Ничего не значат? Это был отец моего отца. Мой папа вырос без папы. Возможно, Алби считал, что это нормальное, даже желательное положение дел, но все же быть таким равнодушным, пренебрежительным, это казалось… предательством, малодушием. Я люблю сына — надеюсь, это совершенно ясно, — но в ту самую секунду мне вдруг захотелось ткнуть его башкой в окно, да побольнее.
Однако я выждал немного и только потом сказал:
— Что ж, честно говоря, твое отношение мне кажется вполне дерьмовым. — В наступившей тишине мои слова не стали менее резкими.
65. Швейцария
Другие точки зрения легче воспринимаются с расстояния. Время позволяет нам отодвинуться подальше и рассмотреть вещи более объективно, менее эмоционально, и теперь, вспоминая разговор, мне ясно, что я отреагировал чересчур бурно. Я родился через пятнадцать лет после окончания войны, и все равно она набросила тень на мое детство: игрушки, комиксы, музыка, развлечения, политика, она была во всем. Бог его знает, каково было моим родителям видеть весь тот ужас их ранней юности, воплощенный в ситкомах и детских играх. Разумеется, они не подавали виду. Среди нескольких вещей, над которыми отец мог посмеяться, были и нацисты. Если потеря деда и огорчала его, то он это скрывал, как скрывал все сильные чувства, за исключением гнева.
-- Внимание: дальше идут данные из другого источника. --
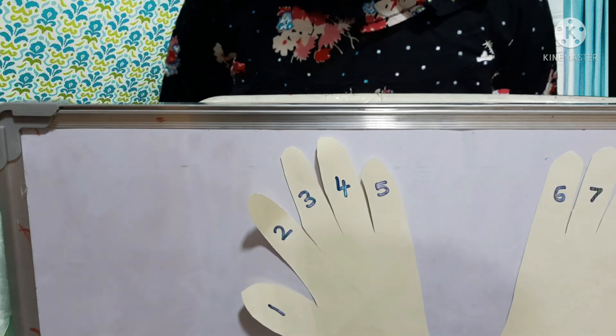Do you want to see nine fours are? First we'll fold the fourth finger. Before the fourth finger, the numbers are tens: ten, twenty, thirty. After folding, we count: thirty-one, thirty-two, thirty-three, thirty-four, thirty-five, thirty-six. So nine fours are thirty-six.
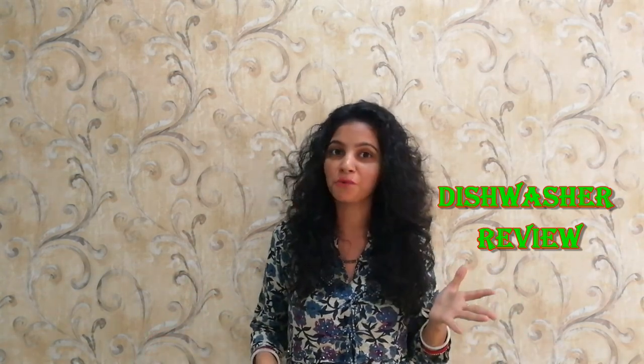Hello friends, welcome to my channel Home Cooking. Today we are going to talk about a very trendy and modern kitchen appliance — none other than a dishwasher. Specifically, we are going to talk about a Bosch dishwasher according to Indian standards and vessels. It will save loads of water and solve all our queries about rinsing and water consumption. Let's get started.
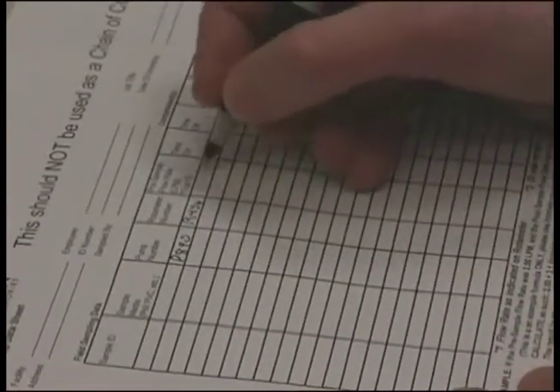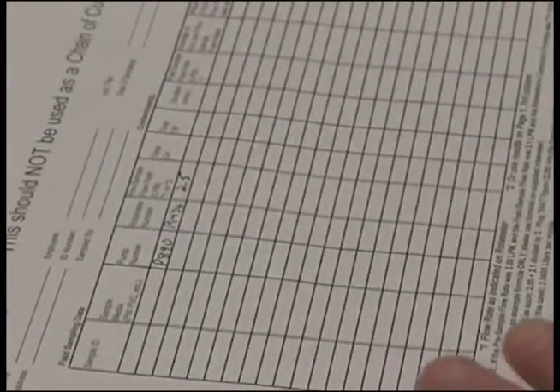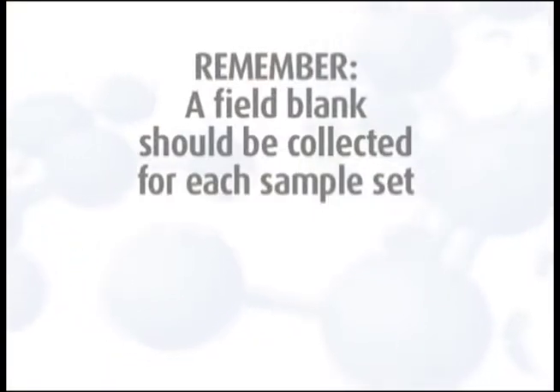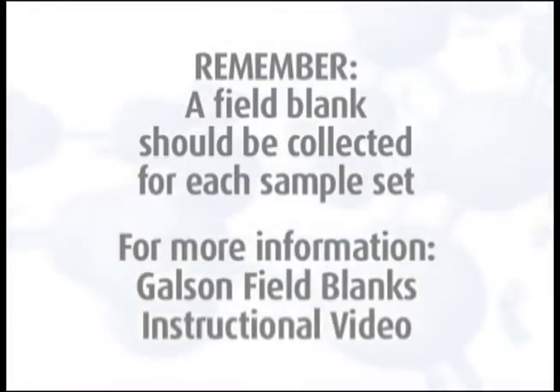After you are satisfied with the flow rate, record the value on the field pump data sheet. Remove the calibration cassette and mark it for use in the post-calibration. Remember, a field blank should be collected for each sample set and should accompany the monitor during all periods except actual sampling. For more detailed information, watch the Galson field blanks instructional video.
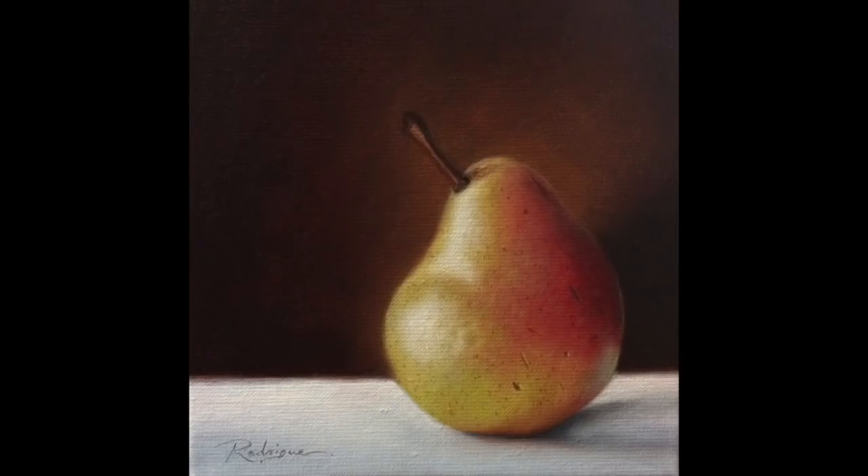Smoothing out — and there you have it. We have our completed pear. Do be sure to subscribe so you can see more videos — there will be animals as well. Don't forget to join my newsletter so you can get the free PDF with more details on how you can paint this pear. That's available on my website at www.carolrodrigue.com — I'll have all the links in the description. Thanks for watching this video, and I'll have another video soon. Take care.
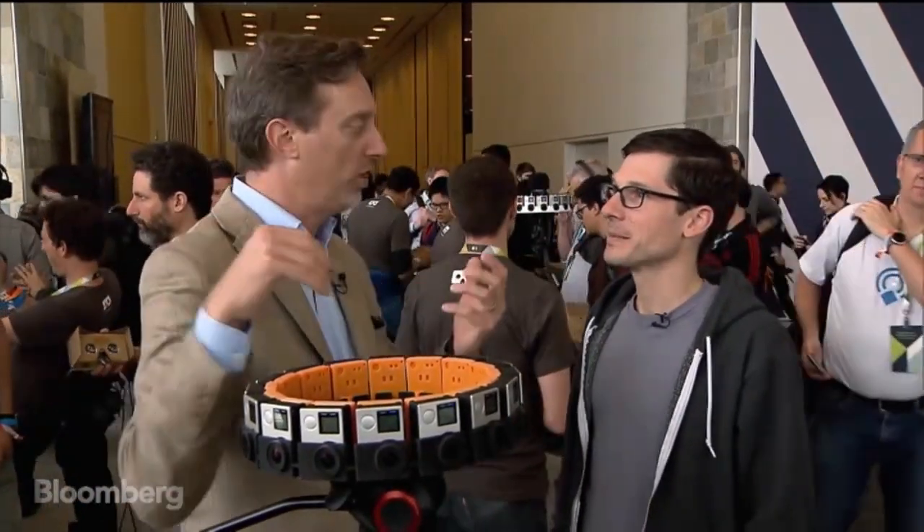I'm joined right now by Clay Bivore at Google, VP of Product Management, who's helping to create stuff like this thing. What the heck is it? It's a bunch of GoPros on a tripod that takes pictures all at once, everything around you, or even shoots video that way?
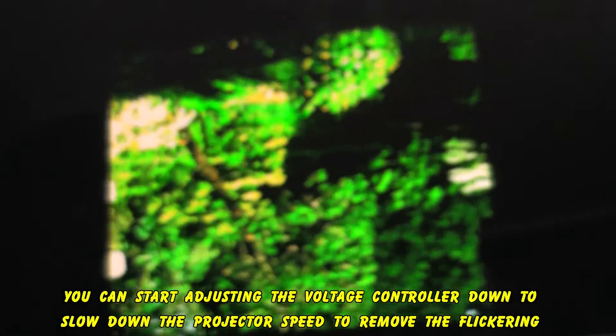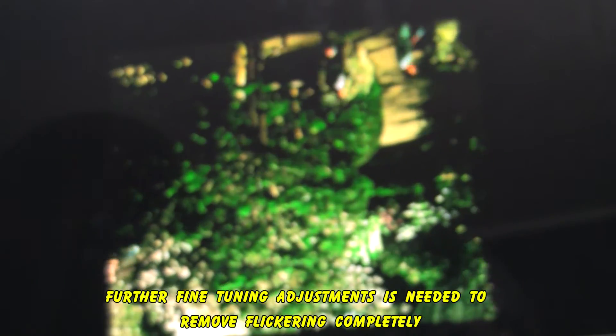As you can see, there is slight flickering when you first start. That's when you use the voltage controller — start turning it down until the flicker disappears. If you can control the voltage going into your projector, you can eliminate that flickering, which is a very common problem. Here are some samples of the transferred video.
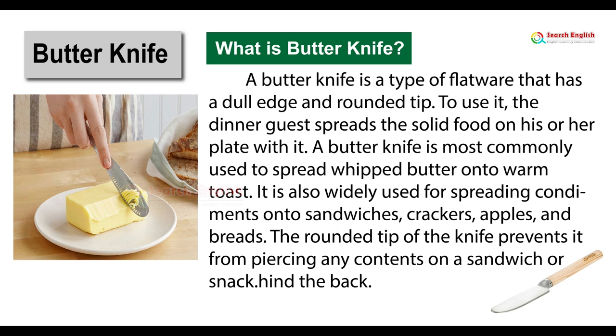Butter knife. What is a butter knife? A butter knife is a type of flatware that has a dull edge and rounded tip. To use it, the dinner guest spreads solid food on his or her plate with it. A butter knife is most commonly used to spread whipped butter onto warm toast. It is also widely used for spreading condiments onto sandwiches, crackers, apples, and breads. The rounded tip of the knife prevents it from piercing any contents on a sandwich or snack.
Мой сын, наоборот, принадлежал к поколению, которое не делило страны на союзников и гитлеровский блок, не судило людей в зависимости от лояльности их прародителей. Война вошла в жизнь Алби только в виде компьютерных стрелялок. Может быть, это действительно здоровый взгляд на вещи. Может быть, в этом и заключается прогресс.
Но тогда, в поезде, мне это не казалось прогрессом. Скорее, было больше похоже на неуважение, невежество и самоуспокоенность, я так прямо ему и сказал, а он в ответ отшвырнул книгу на столик, буркнул что-то себе под нос, перелез через Конни в проход и смылся.